Abstract

1.Discuss the concept of “catastrophic” fatigue and “central governor” fatigue theory.2.Recognize that by comparing forearm muscle mass, hand grip, and fatigue that there are relationships between variables which are altered by fatigue. Background. A “catastrophe” fatigue theory has muscle exhaustion and ATP depletion as the main mechanism which would correlate with muscle mass and composition. It is also hypothesized that a brain “central governor” controls muscle activity and that the human body functions as a complex system during exercise until a central brake prevents loss of homeostasis.
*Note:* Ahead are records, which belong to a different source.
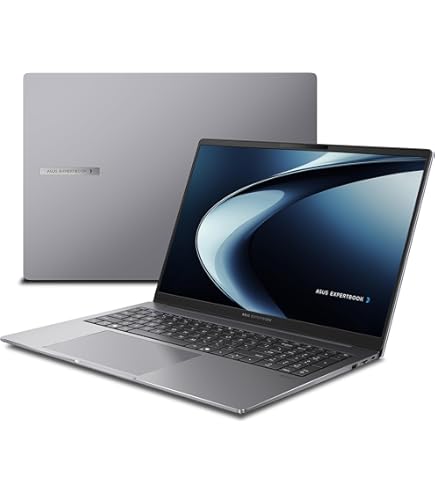 Amazon.com: ASUS ExpertBook B5 Thin & Light Business Laptop, 13.3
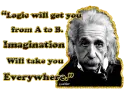 Albert Einstein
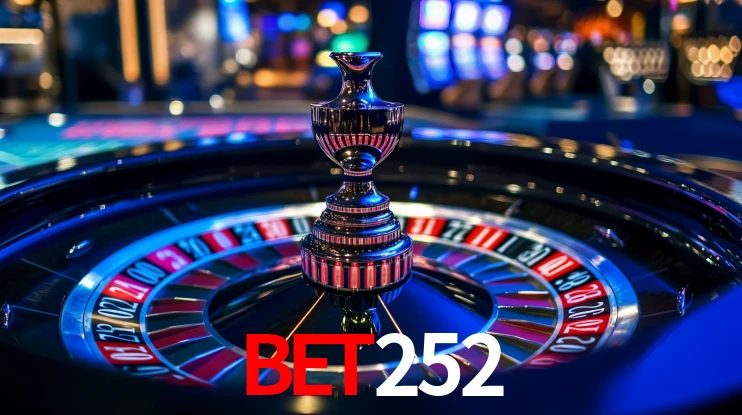 Bet252 cassino login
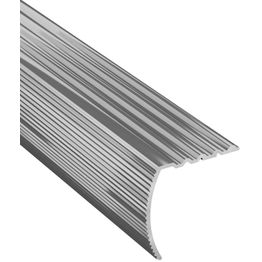 Askelkulmalista Lundbergs Standard 29mm alumiini, eri vaihtoehtoja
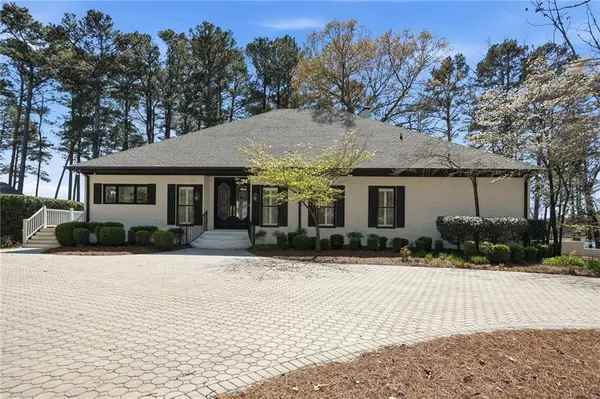 6525 Holland Drive, Cumming, GA 30041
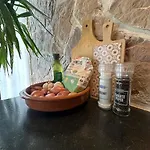 Romantic Jacuzzi In The Center Lejlighed Bodegraven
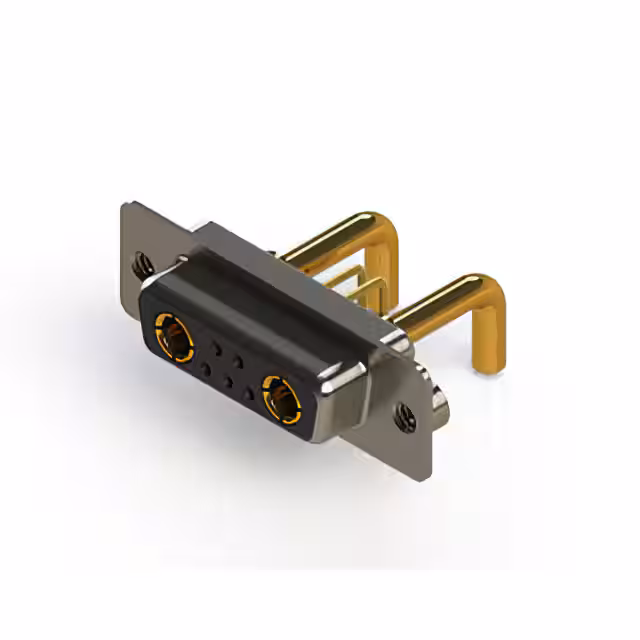 630-7W2-250-3N2 EDAC Inc.  D-Sub Connector Assemblies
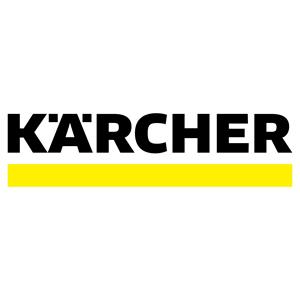 Karcher Logo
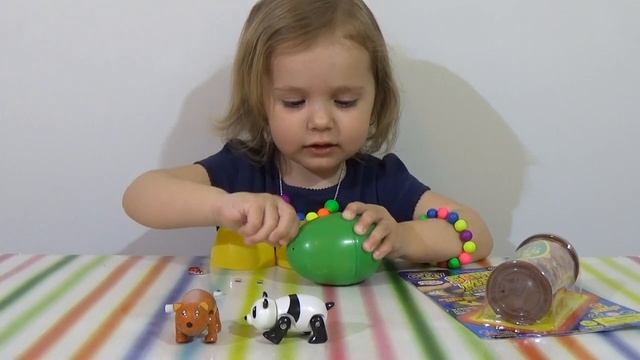 Miss Katy • Мисс Кейт - Katy and Clockwork Toys (1)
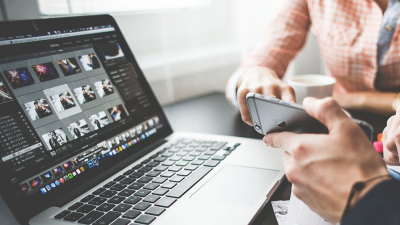 Nejčastější chyby na webových stránkách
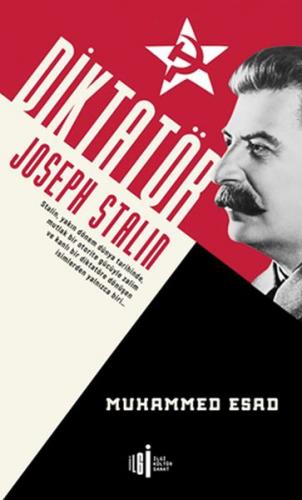 Kurye Kitabevi - Diktatör Joseph Stalin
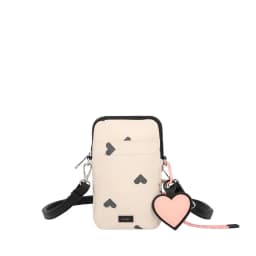 Portacelular Love ST6 L Beige Beige L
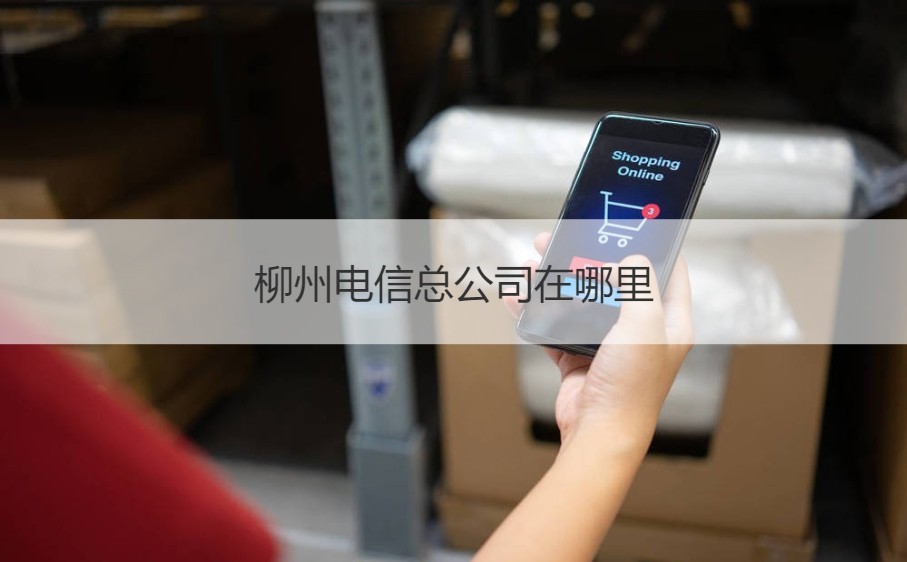 探索廣西柳州電信 薪酬待遇、總部位置與業務發展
A “central governor” fatigue theory places the fatigue mechanism in the subconscious brain which ensures homeostasis and protects muscle from damage. The governor “set point” may be altered by illness. Bioelectrical impedance (BIA) estimates of muscle mass are validated against MRI measured muscle mass. The main electron conductor with BIA is muscle. Muscle mass is inversely related to impedance (Z) and directly related to the muscle area (L2). Research objectives. We hypothesized that the relationship between maximum handgrip strength, segmental forearm muscle mass (L2/Z) and fatigue is altered in cancer-related fatigue (CRF) if fatigue is central in origin. Methods. Twenty individuals, ten healthy controls, and ten with CRF were studied. Data collected was: BFI, handgrip x 4 (dominant arm), and forearm BIA impedance. Results. The median total BFI score was 18 for controls and 45 for CRF. In those with CRF relative to healthy controls, there was a poor correlation between BFI and forearm muscle mass, between handgrip strength and BFI, and handgrip strength and muscle mass (Figures1-3, red, healthy controls; blue, CRF). Conclusion. This pilot study demonstrated in those with CRF a poor correlation between handgrip strength, forearm muscle mass and fatigue severity which differed from healthy controls. This suggests that the “central governor” which controls muscle activation is altered in CRF and that fatigue is unlikely to be arising from reduced muscle mass (peripheral fatigue). Implications for research, policy, or practice. Fatigue severity in CRF is unrelated to muscle mass and handgrip strength. Interventions to increase muscle are unlikely to relieve fatigue.